Task details
Find the line below with "NIUMID chenille mop". Print it and every line after it exactly, through the last line, leaving out the pictures.

☆ ☆ ☆ ☆ ☆ ☆ ☆

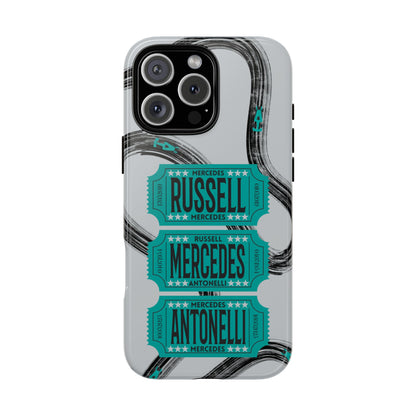 Mercedes F1 Phone Case Painted Ticket Stubs, Trendy F1 Gift, Formula 1 Gift, Cute F1 Phone Case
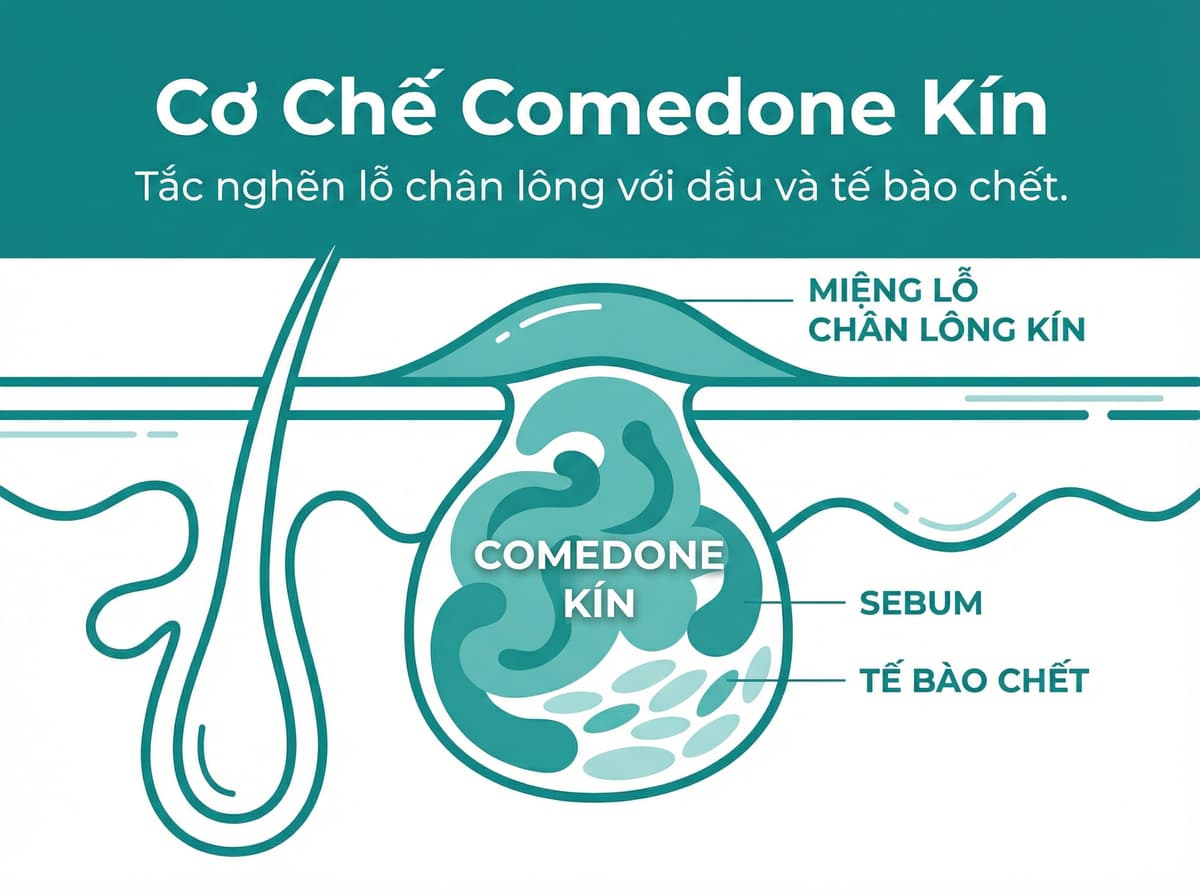Cơ chế comedone kín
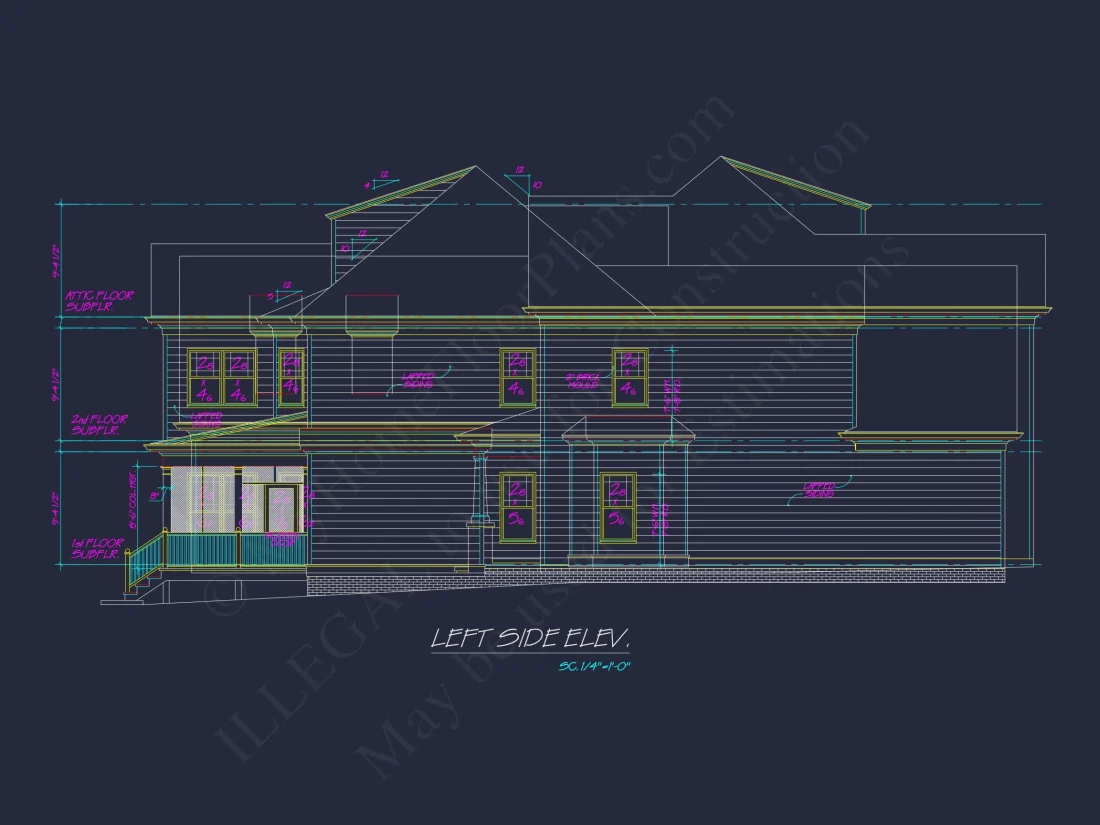 Craftsman house Plan with Spacious Floor Design and CAD Blueprints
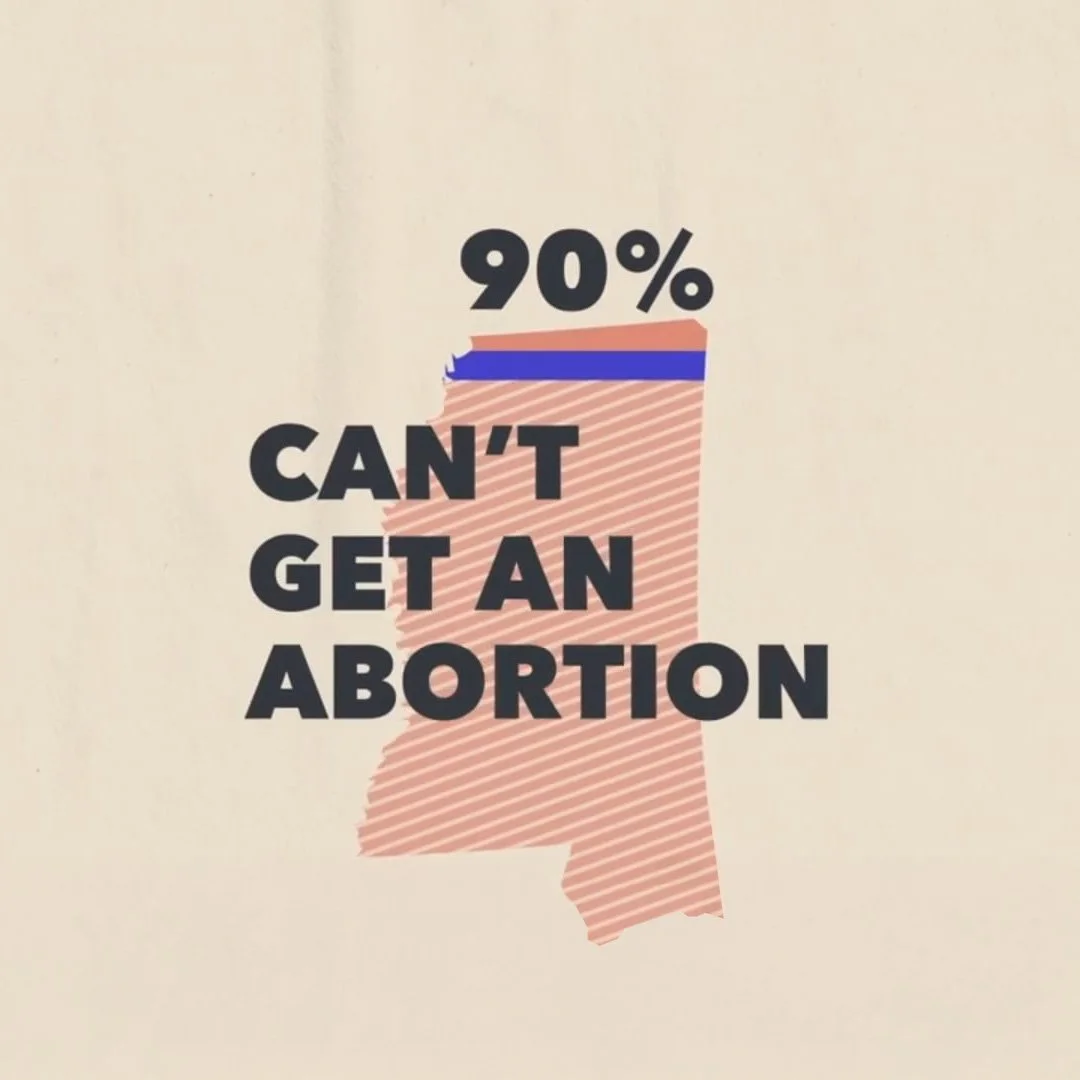 A graphic showing a map of Alabama with a statistic about abortion, stating "90% can't get an abortion."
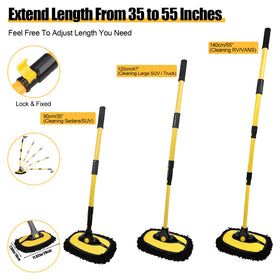 NIUMID chenille mop head close-up, soft microfiber protects paint during wash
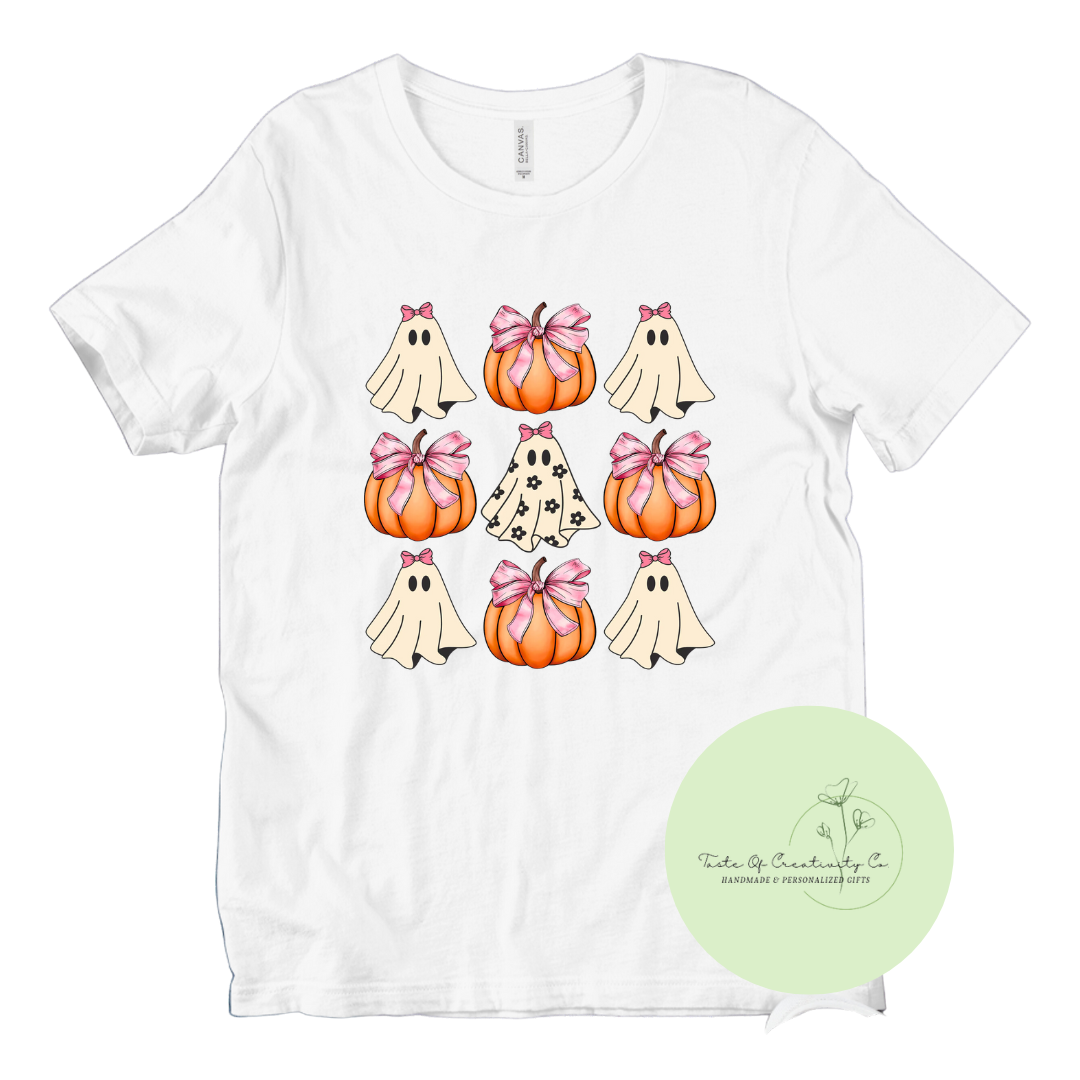 "Cute Bows & Ghost Coquette", Aesthetic Apparel, Halloween Shirt, Ghost Shirt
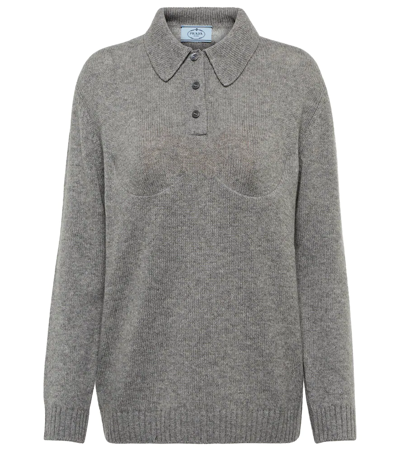 Prada Bra-detailed Cashmere Polo Sweater In Grey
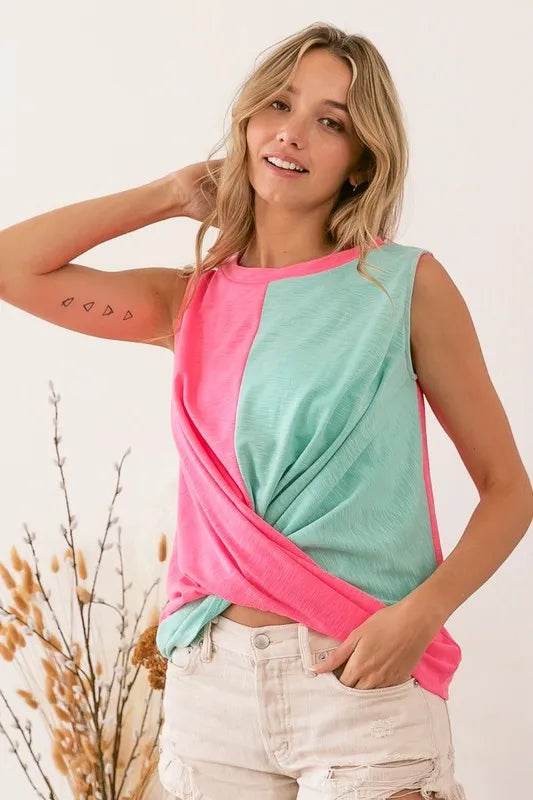 BiBi Slub Terry Color Block Twisted Top - Shop Style & More | Fresh Looks, Everyday Deals & Free Shipping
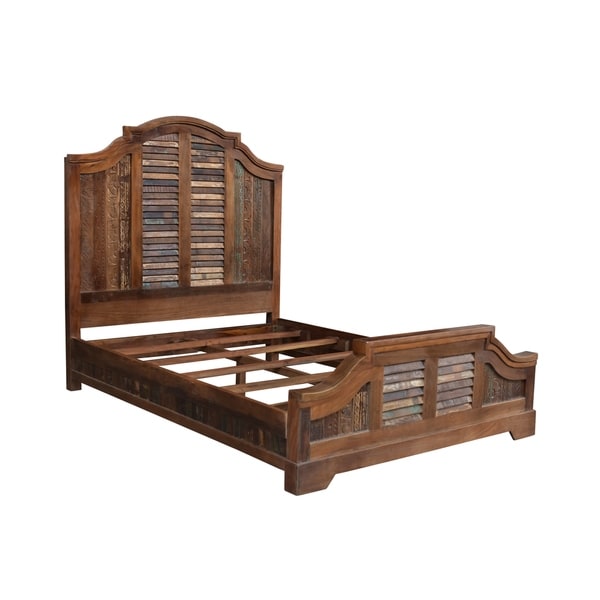 Aiden Carved Queen Bed-Natural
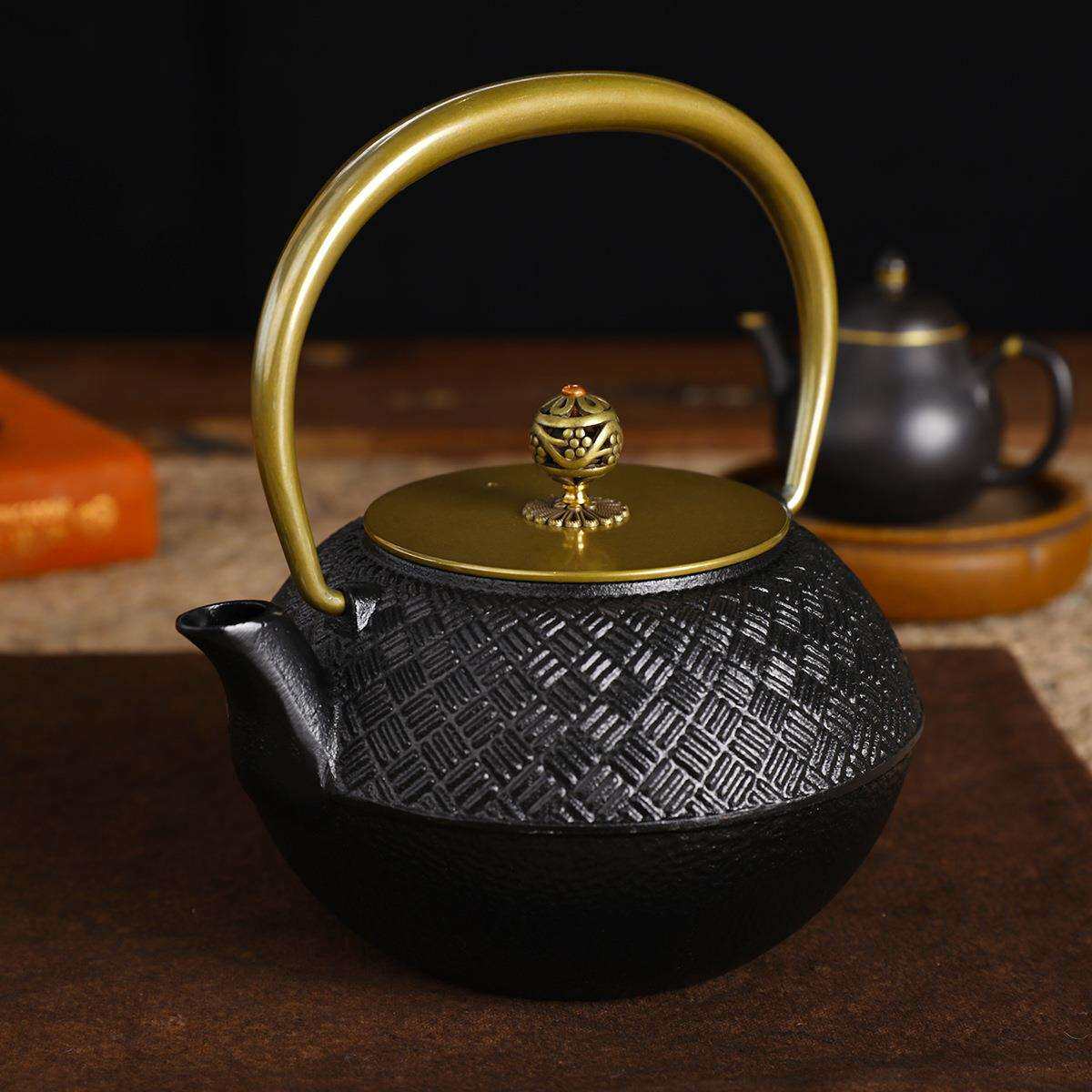 简约家用养生铸铁壶烧水泡茶壶电陶炉茶杯茶具套装新中式摆件装饰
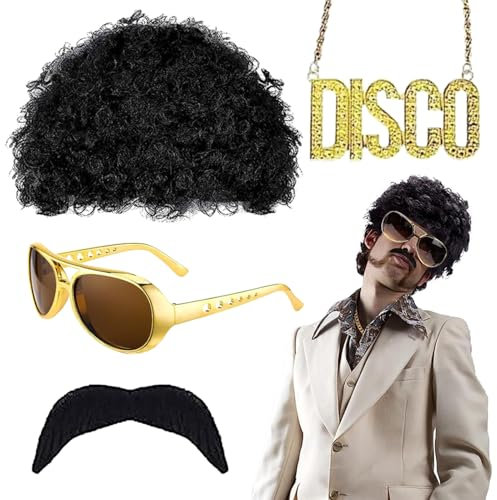 Hippie Peruecke Set, 4 Stück Herren Hippie Perücken Zubehör Set, Disco Hippie Perücke Set, Hippie Afro Perücke, Hippie Herren Disco Perücke, Hippie Mode Afro Perücke, Für Cosplay, Kostümfeste usw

☆ ☆ ☆ ☆ ☆ ☆ ☆

Written reply
 NIUMID chenille mop head close-up, soft microfiber protects paint during wash
 "Cute Bows & Ghost Coquette", Aesthetic Apparel, Halloween Shirt, Ghost Shirt
 Prada Bra-detailed Cashmere Polo Sweater In Grey
 BiBi Slub Terry Color Block Twisted Top - Shop Style & More | Fresh Looks, Everyday Deals & Free Shipping
 Aiden Carved Queen Bed-Natural
 简约家用养生铸铁壶烧水泡茶壶电陶炉茶杯茶具套装新中式摆件装饰
 Hippie Peruecke Set, 4 Stück Herren Hippie Perücken Zubehör Set, Disco Hippie Perücke Set, Hippie Afro Perücke, Hippie Herren Disco Perücke, Hippie Mode Afro Perücke, Für Cosplay, Kostümfeste usw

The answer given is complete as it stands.